**EXERCISE DETAILS:** Only some lines are wanted. Transcribe, exactly, the lines below from the line with "image for item ED5048 1999 Mack refuse truck" up to and including the line with "FerieVincent's profile picture.".

◆ ◆ ◆

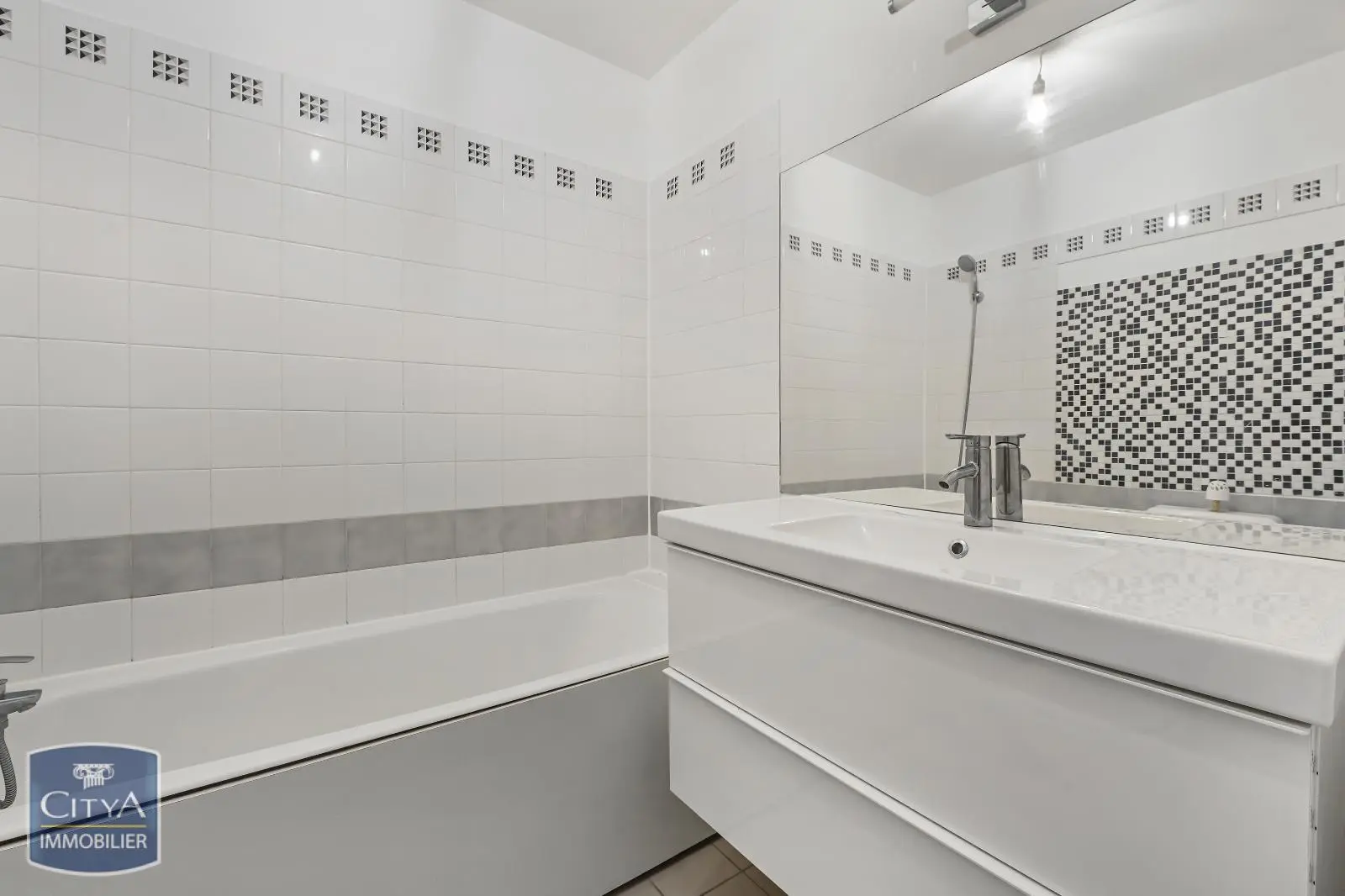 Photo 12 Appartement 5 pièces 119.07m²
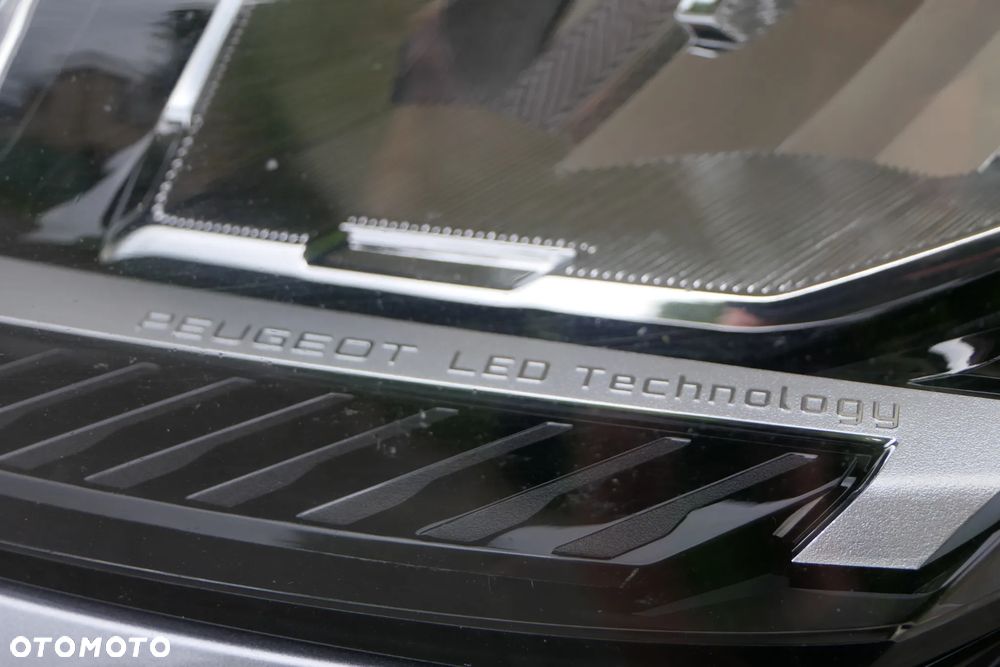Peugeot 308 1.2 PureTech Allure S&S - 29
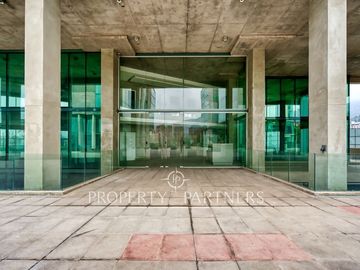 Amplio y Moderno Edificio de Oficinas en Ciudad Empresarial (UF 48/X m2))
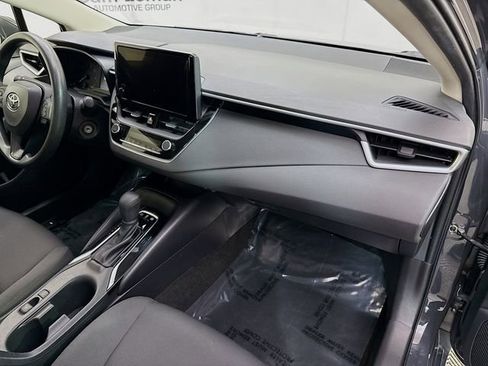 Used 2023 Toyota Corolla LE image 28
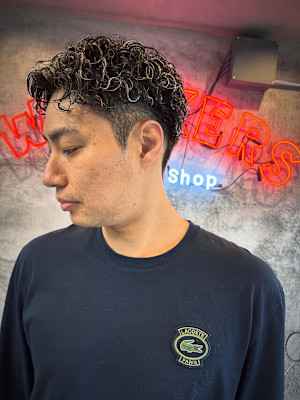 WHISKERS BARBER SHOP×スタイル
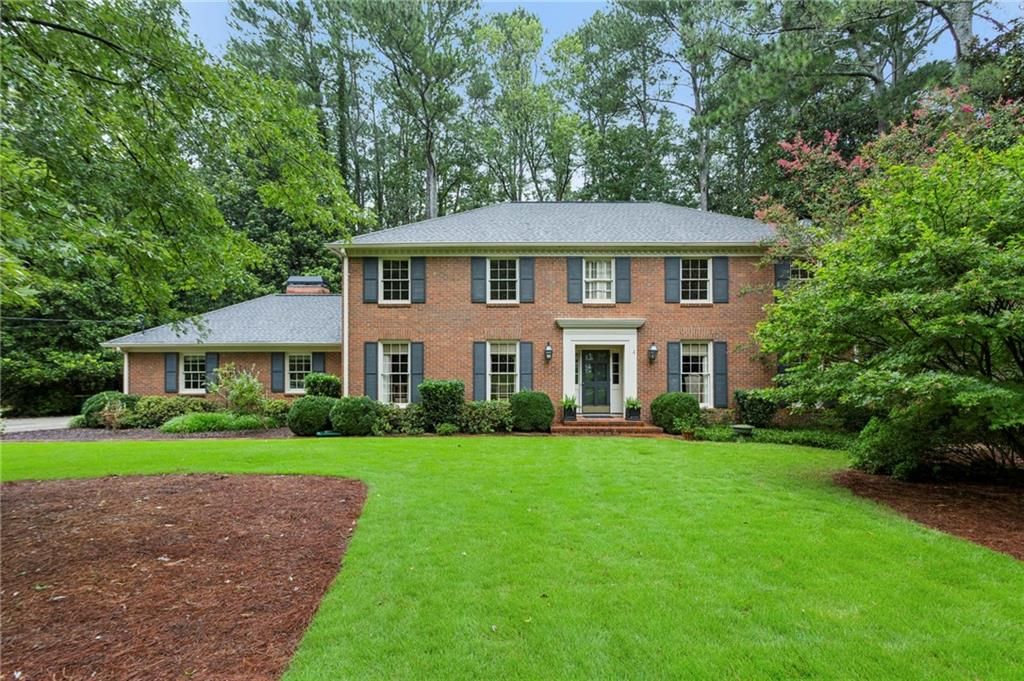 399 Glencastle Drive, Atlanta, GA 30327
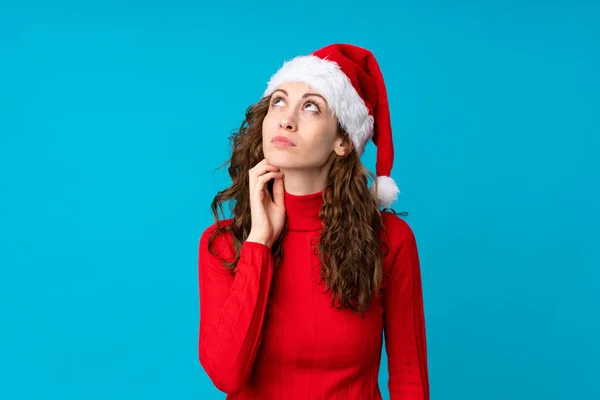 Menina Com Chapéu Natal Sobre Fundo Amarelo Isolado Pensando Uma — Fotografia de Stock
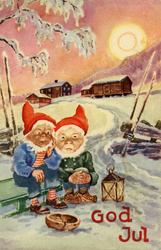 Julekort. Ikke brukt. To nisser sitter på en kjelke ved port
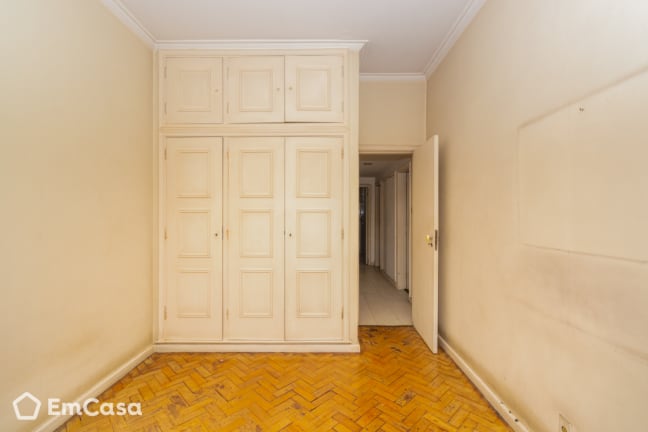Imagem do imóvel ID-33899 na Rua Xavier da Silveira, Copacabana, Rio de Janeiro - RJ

◆ ◆ ◆

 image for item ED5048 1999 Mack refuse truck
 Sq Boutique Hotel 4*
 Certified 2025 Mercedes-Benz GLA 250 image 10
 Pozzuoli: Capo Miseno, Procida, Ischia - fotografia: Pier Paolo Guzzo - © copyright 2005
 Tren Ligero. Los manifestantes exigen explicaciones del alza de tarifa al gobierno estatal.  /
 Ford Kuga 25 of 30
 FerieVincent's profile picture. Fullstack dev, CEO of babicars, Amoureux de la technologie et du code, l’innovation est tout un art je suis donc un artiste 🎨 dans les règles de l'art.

◆ ◆ ◆

**RESULT FOR THIS EXERCISE:**
 image for item ED5048 1999 Mack refuse truck
 Sq Boutique Hotel 4*
 Certified 2025 Mercedes-Benz GLA 250 image 10
 Pozzuoli: Capo Miseno, Procida, Ischia - fotografia: Pier Paolo Guzzo - © copyright 2005
 Tren Ligero. Los manifestantes exigen explicaciones del alza de tarifa al gobierno estatal.  /
 Ford Kuga 25 of 30
 FerieVincent's profile picture. Fullstack dev, CEO of babicars, Amoureux de la technologie et du code, l’innovation est tout un art je suis donc un artiste 🎨 dans les règles de l'art.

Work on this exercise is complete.